Sí quise, no obstante, despedirme de mis amigos y pedirles sin palabras que me desearan suerte. Organizamos para ello una comida el último domingo. Vino Candelaria vestida de gran señora a su manera, con su moño «arriba España» apelmazado de laca, un collar de perlas falsas y el traje nuevo que le habíamos cosido unas semanas atrás. Félix cruzó con su madre, no hubo manera de quitársela de encima. También Jamila estuvo con nosotros: la iba a añorar como a una hermana pequeña. Brindamos con vino y sifón, y nos despedimos con besos sonoros y sinceros deseos de buen viaje. Sólo cuando cerré la puerta tras la marcha de todos ellos fui consciente de cuánto iba a echarlos de menos.

Con el comisario Vázquez usé la misma estrategia, pero inmediatamente supe que el embuste no cuajó. Cómo iba a burlarle, si estaba al tanto de todas las cuentas que todavía tenía yo pendientes y del pánico que me provocaría enfrentarme a ellas. Fue el único que intuyó que tras mi inocente desplazamiento había algo más complejo; algo de lo que no podía hablar. Ni a él, ni a nadie. Quizá por eso prefirió no indagar. De hecho, apenas dijo nada: se limitó, como siempre, a mirarme con sus ojos dinamiteros y a aconsejarme que tuviera cuidado. Me acompañó después hasta la salida para hacer de paraguas frente a las babas calenturientas de sus subordinados. En la puerta de su comisaría nos despedimos. ¿Hasta cuándo? Ninguno de los dos sabía. Quizá hasta pronto. Quizá hasta nunca.

Además de las telas y los útiles de costura, compré un buen número de revistas y algunas piezas de artesanía marroquí con la ilusión de dar a mi taller madrileño un aire exótico en concordancia con mi nuevo nombre y mi supuesto pasado de prestigiosa modista tangerina. Bandejas de cobre repujado, lámparas con cristales de mil colores, teteras de plata, algunas piezas de cerámica y tres grandes alfombras bereberes. Un pedacito de África en el centro del mapa de la exhausta España.

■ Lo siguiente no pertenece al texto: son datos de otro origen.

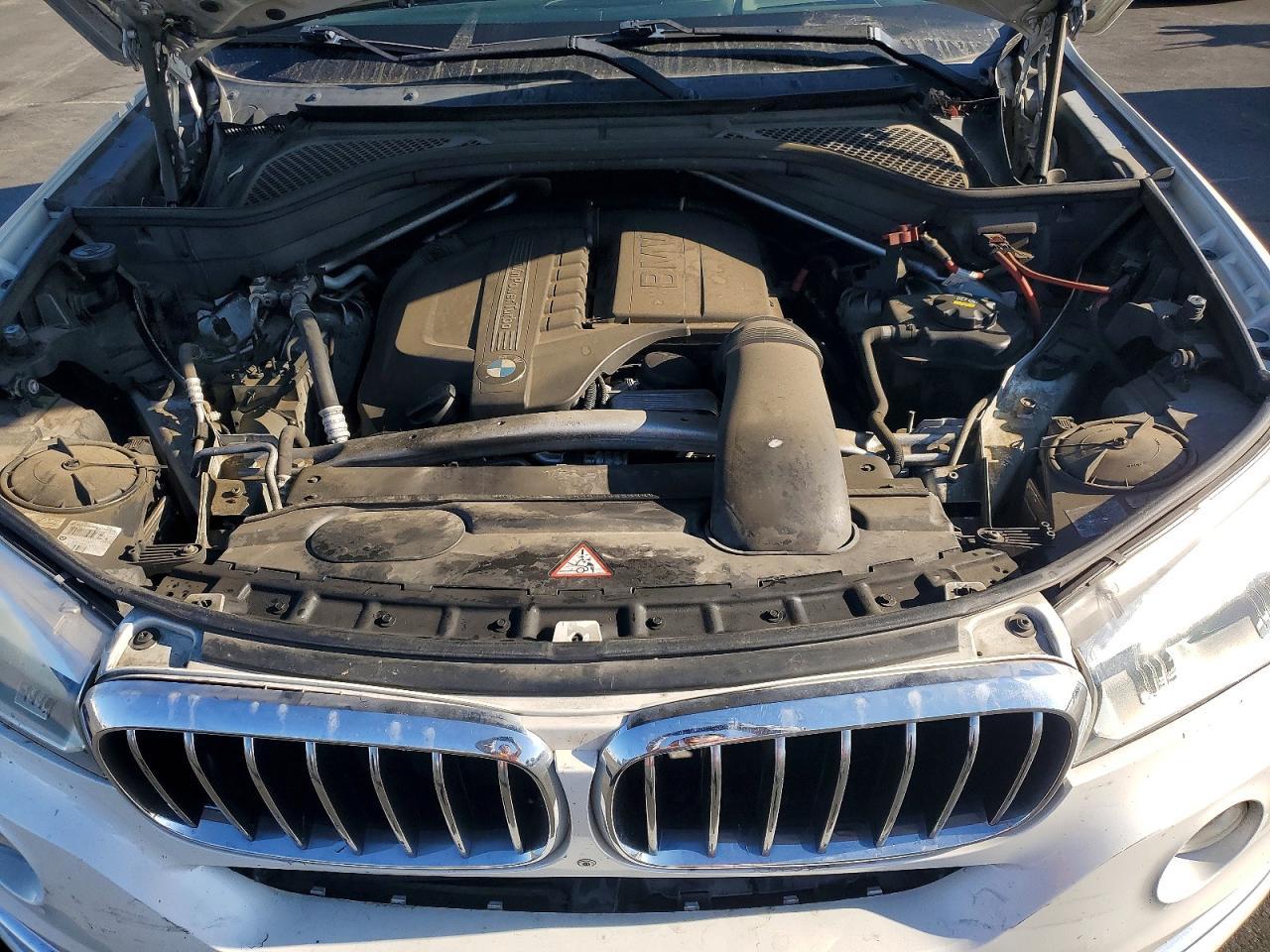 2014 BMW X5 xDrive35I - zdjęcie 12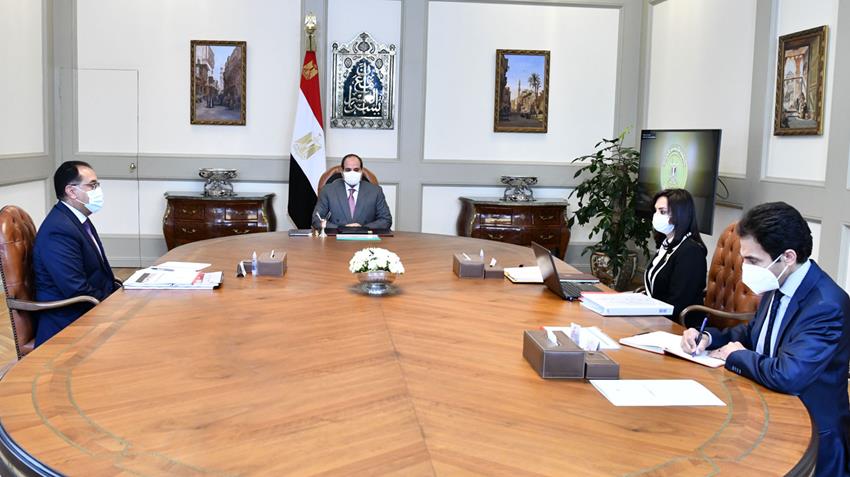 الرئيس عبد الفتاح السيسي يجتمع برئيس مجلس الوزراء ورئيس المجلس القومي للمرأة 7-6-2021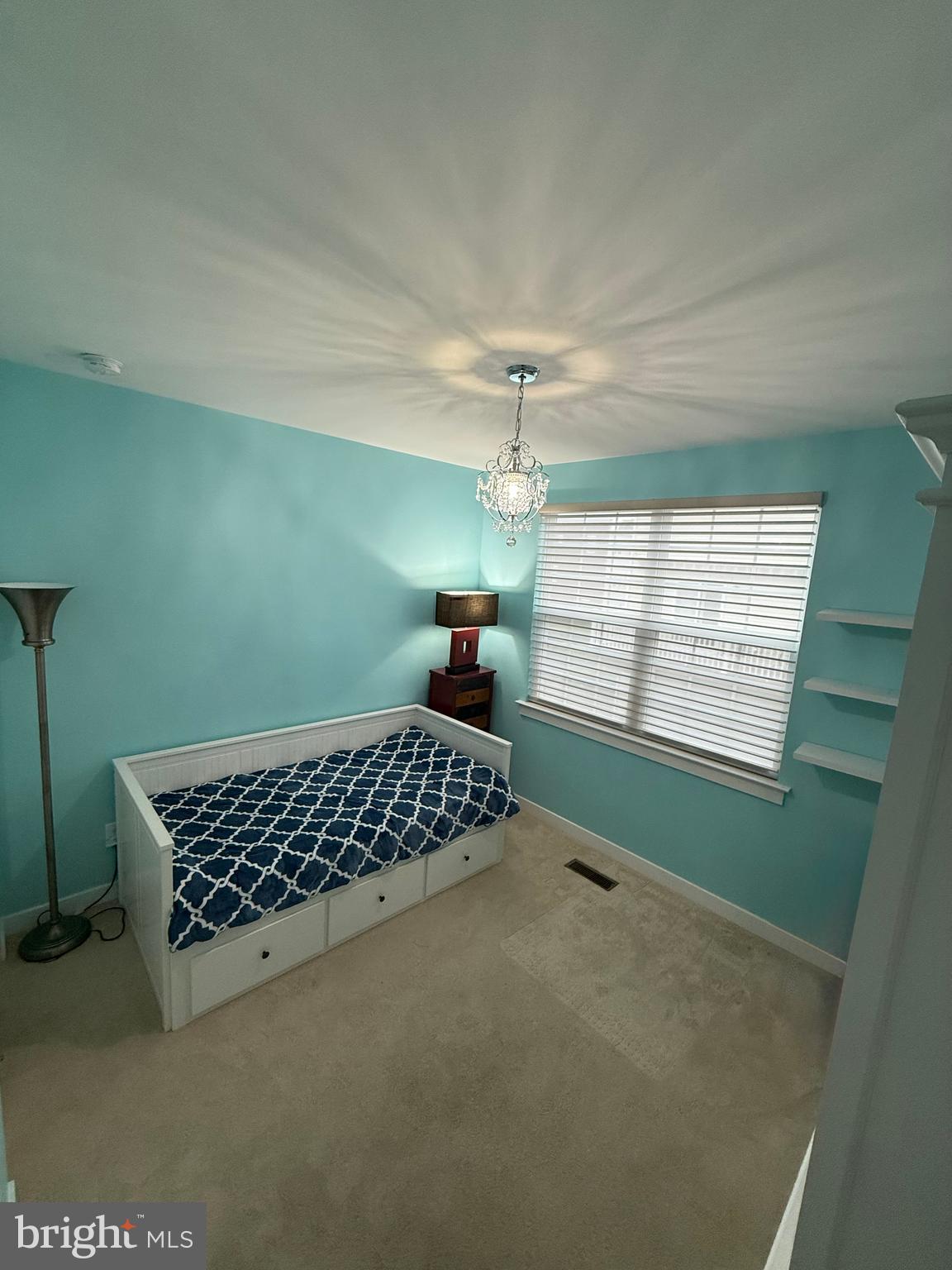 WATERSIDE - Residential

Cuando entré por primera vez en el gran piso de Núñez de Balboa todo estaba listo, esperándome. Las paredes pintadas en blanco satinado, la tarima de roble del suelo recién pulida. La distribución, la organización y el orden eran una réplica a gran escala de mi casa de Sidi Mandri. La primera zona consistía en una sucesión de tres salones comunicados que triplicaban las dimensiones del antiguo. Los techos infinitamente más altos, los balcones más señoriales. Abrí uno de ellos, pero al asomarme no encontré el monte Dersa, ni el macizo del Gorgues, ni en el aire una brizna de olor a azahar y jazmín, ni la cal en las paredes vecinas, ni la voz del muecín llamando a la oración desde la mezquita. Cerré precipitadamente, cortando el paso a la melancolía. Seguí entonces avanzando. En la última de las tres estancias principales se encontraban acumulados los rollos de telas traídos de Tánger, un sueño de piezas de dupion de seda, encaje de guipur, muselina y chifón en todas la tonalidades imaginables, desde el recuerdo de la arena de la playa hasta rojos fuego, rosas y corales o todos los azules posibles entre el cielo de una mañana de verano y el mar revuelto en una noche de tormenta. Las salas de pruebas, dos, tenían la amplitud duplicada por efecto de los imponentes espejos de tres cuerpos bordeados de marquetería de pan de oro. El taller, al igual que en Tetuán, ocupaba la parte central, sólo que era infinitamente mayor. La gran mesa para cortar, tablas de plancha, maniquíes desnudos, hilos y herramientas, lo común. Al fondo, mi espacio: inmenso, excesivo, diez veces por encima de mis necesidades. De inmediato intuí la mano de Rosalinda en todo aquel montaje. Sólo ella sabía cómo yo trabajaba, cómo tenía organizada mi casa, mis cosas, mi vida.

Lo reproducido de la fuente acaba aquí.